L’acronyme B to C qui signifie « Business to Consumer » désigne les transactions effectuées entre un opérateur professionnel assujetti à destination d’un consommateur final non professionnel particulier et par conséquent non assujetti. A la différence d’une opération b to b, seul la partie b qui fournit le bien ou le service à c doit respecter les conditions et les obligations de la notion d’assujetti.

Exemple :

Un particulier français commande des biens à une enseigne de vêtement situé dans un autre EM de l’Union Européenne.
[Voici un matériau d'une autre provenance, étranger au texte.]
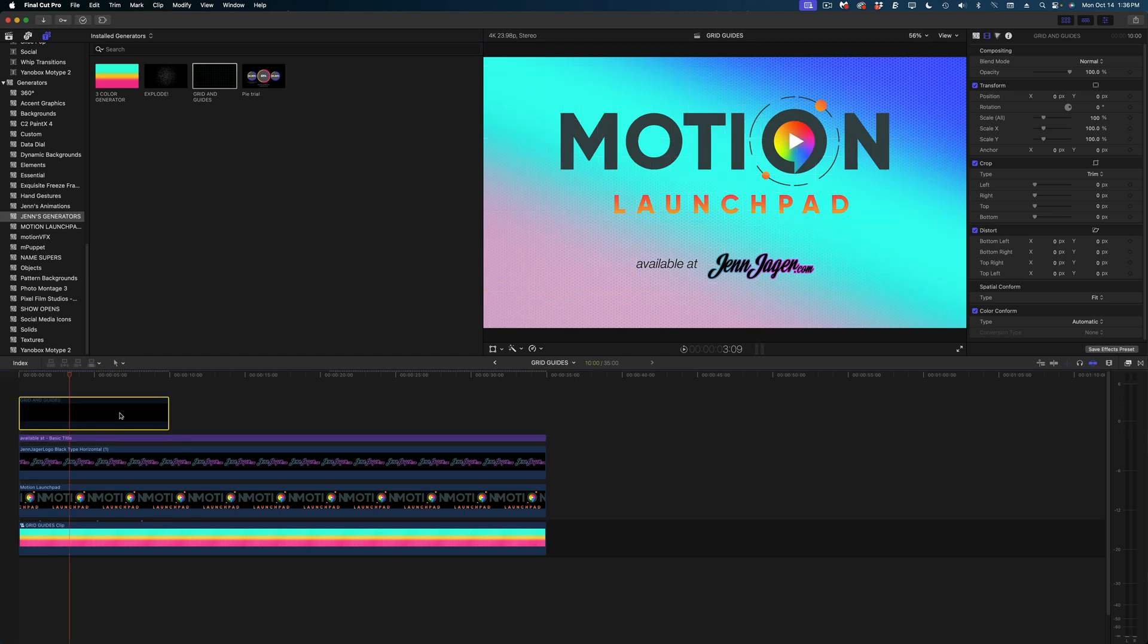So, like I said, not the sexiest template we've ever made for Final Cut Pro, but probably one of the most useful. If you want to snag this generator for yourself, join my Patreon community. I will link to it down below.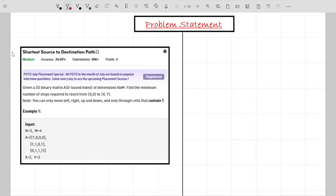Hello guys, welcome back to the channel. In this particular video we are going to look at the problem 'Shortest Source to Destination Path'. This is an application of BFS and again a standard DSA problem.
Le applicable est celui de l’Etat de départ de la marchandise si le chiffre d’affaires du vendeur est inférieur à 10 000€. Cependant, depuis le 1er juillet 2021, si le fournisseur a dépassé un seuil de 10 000€ de vente à distance vers un autre Etat membre de l’UE, il doit payer la TVA dans l’EM d’arrivée des biens. A contrario, s’il n’a pas dépassé le seuil de 10 000€ de ventes vers un autre EM de l’UE, il doit payer la TVA dans son EM.

FAQ

  • Une transaction B to C (Business to Consumer) désigne une opération réalisée entre un professionnel assujetti à la TVA et un client final non assujetti, généralement un particulier. À l’inverse, une transaction B to B (Business to Business) implique deux opérateurs économiques, tous deux assujettis à la TVA. Cette distinction est déterminante en matière de TVA : dans le cadre d’opérations B to C, la TVA est généralement facturée dans l’État du vendeur selon les règles du pays d’origine ou du lieu de consommation, tandis qu’en B to B, la TVA est souvent autoliquider par le preneur, notamment dans les échanges intracommunautaires ou pour les prestations de services relevant de la règle générale. Le traitement fiscal diffère donc selon le statut du client.